▶ [Problem details] Start at the top of the records and, please, print each line exactly through the line that contains "An image of", leaving out all pictures.

▶ [Extracted records]
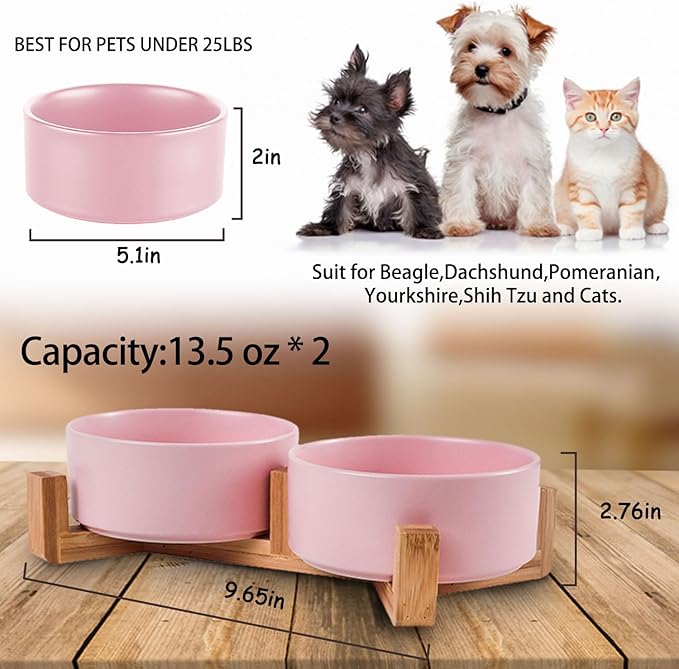 Petygooing Ceramic Cat Dog Bowl Set with Stand,Pink Pet Food and Water Dish,Small Dog Bowls Anti Slip Set of 2 Cat Bowls Pet Food Dishes Pet Bowl Small Size Pet (13.5OZ/5.1 in)-Mewly Pet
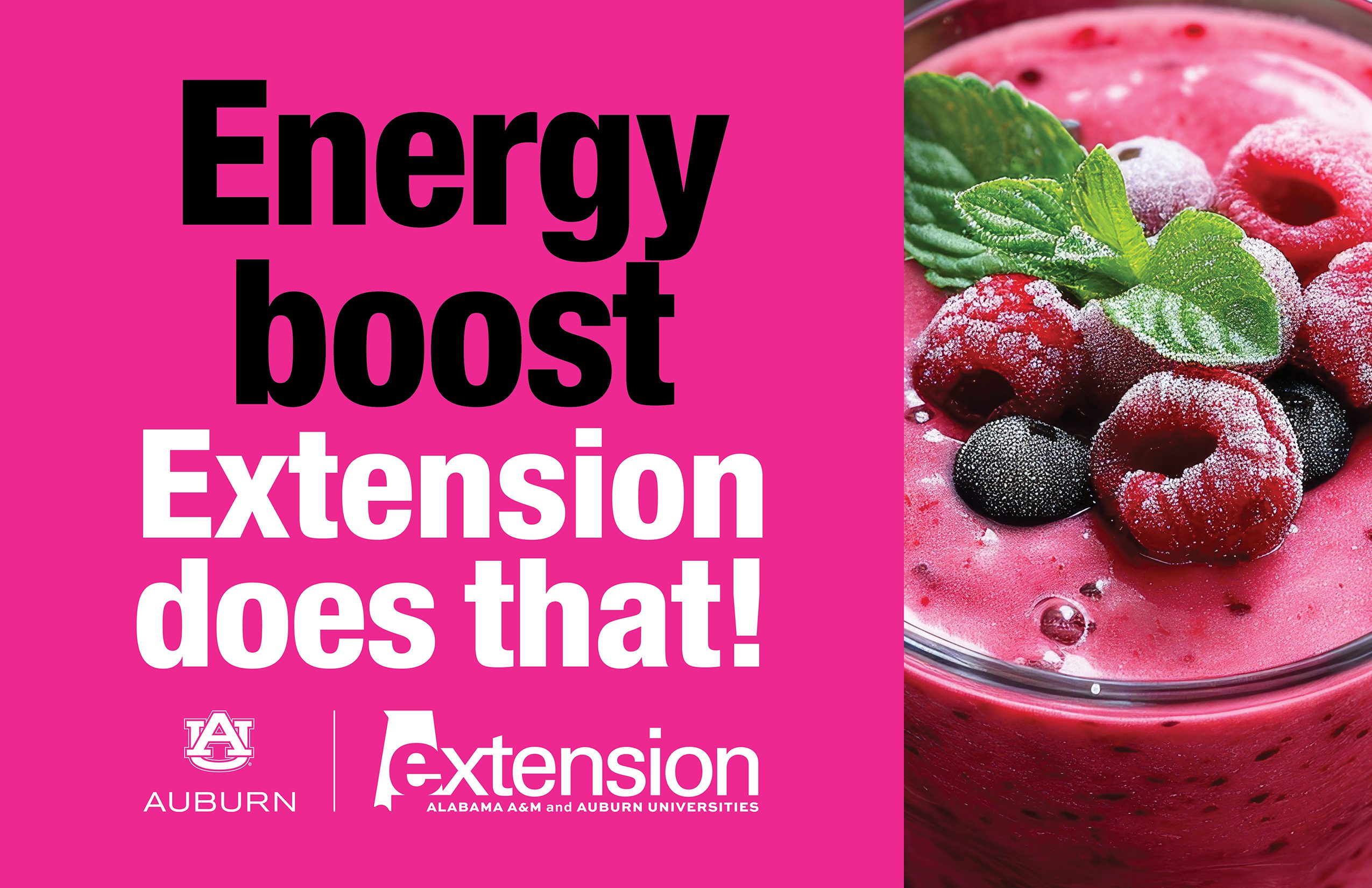An image of a berry smoothie in a glass. To the left are the words, "Energy boost. Extension does that!" along with the Alabama Extension and Auburn University logos.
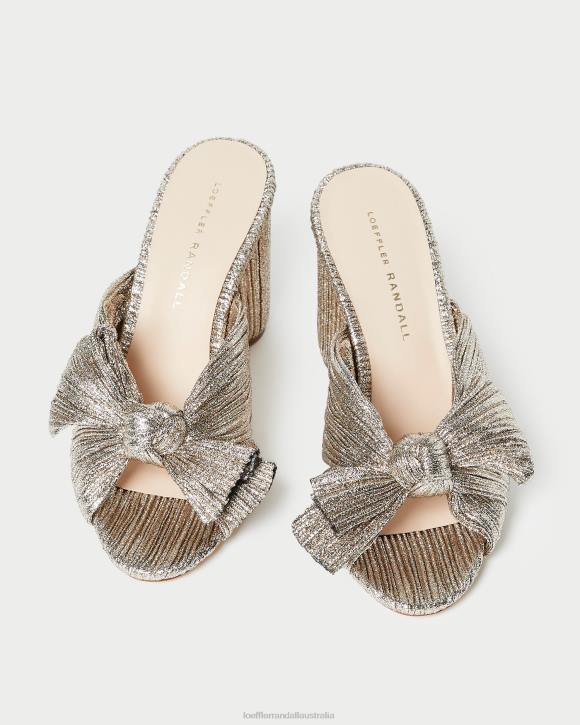 Shoes Champagne Loeffler Randall 044J69 Women Penny Pleated Bow Heel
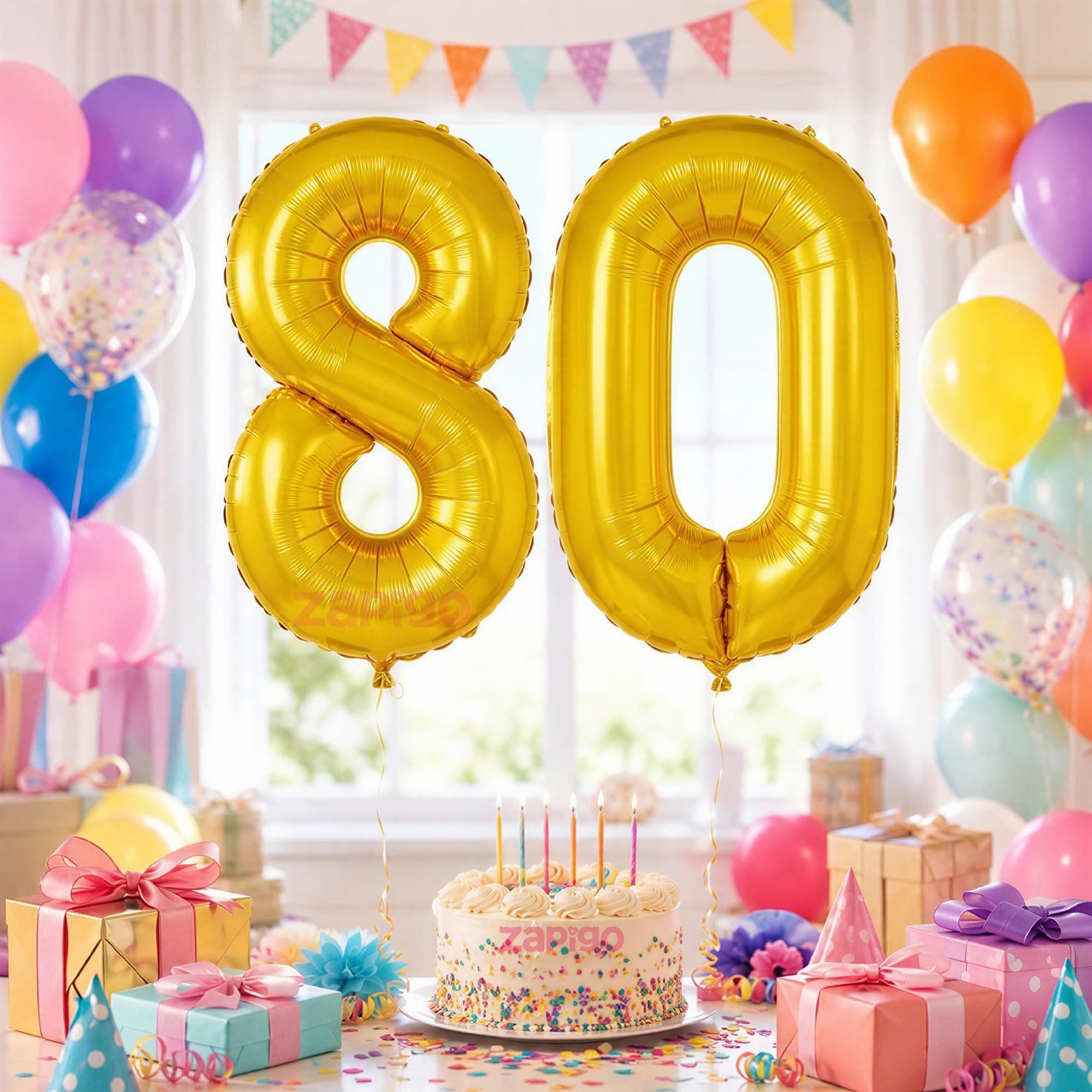 Balloonistics Gold Foil Number 80 Balloon – 16 Inch Golden Foil Number for Custom Age, Year & Phrase Party Decoration (Number 80) thumbnail 1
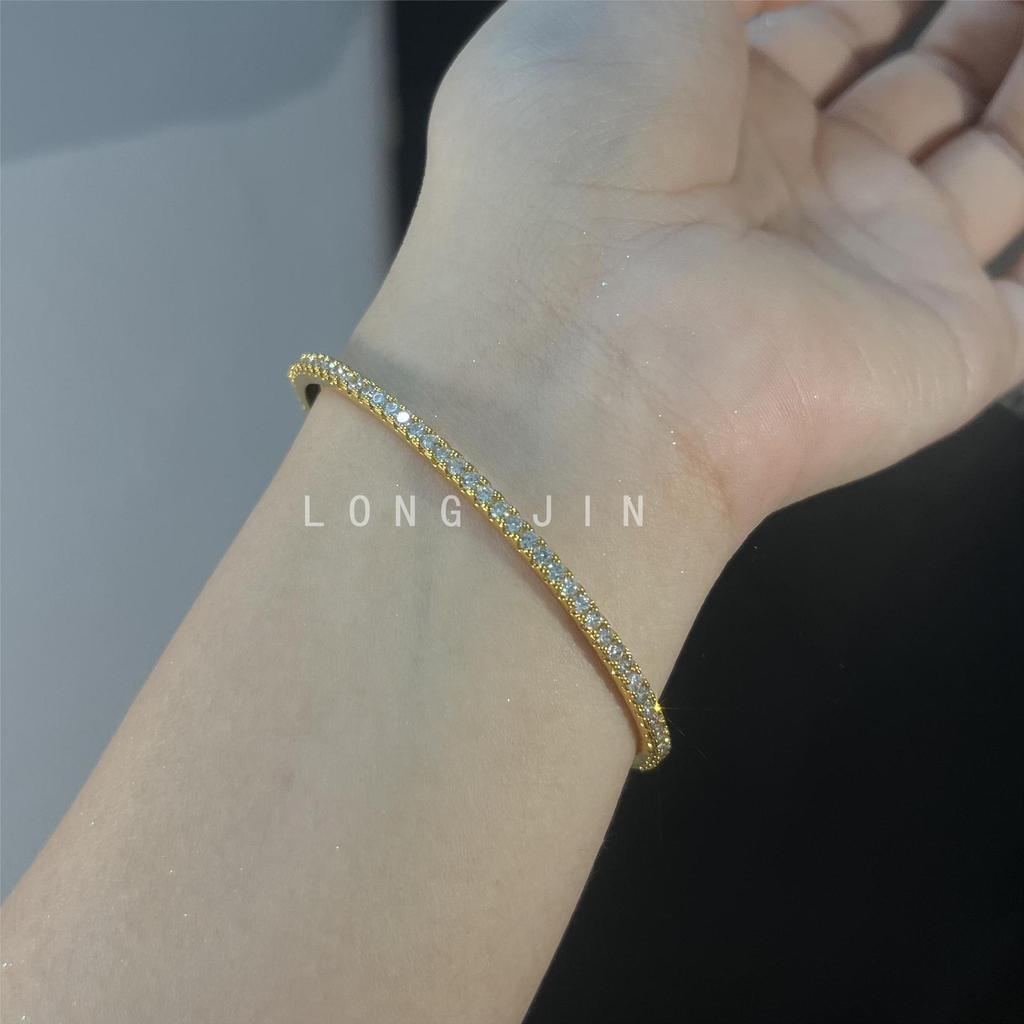 Laser Fritillary Full Diamond Four-Leaf Clover Brushed Bracelet Four-Piece Stacking Wear Explosive Light Luxury Premium Sense Pull-Up Jewelry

▶ [Output of the exercise]
 Petygooing Ceramic Cat Dog Bowl Set with Stand,Pink Pet Food and Water Dish,Small Dog Bowls Anti Slip Set of 2 Cat Bowls Pet Food Dishes Pet Bowl Small Size Pet (13.5OZ/5.1 in)-Mewly Pet
An image of a berry smoothie in a glass. To the left are the words, "Energy boost. Extension does that!" along with the Alabama Extension and Auburn University logos.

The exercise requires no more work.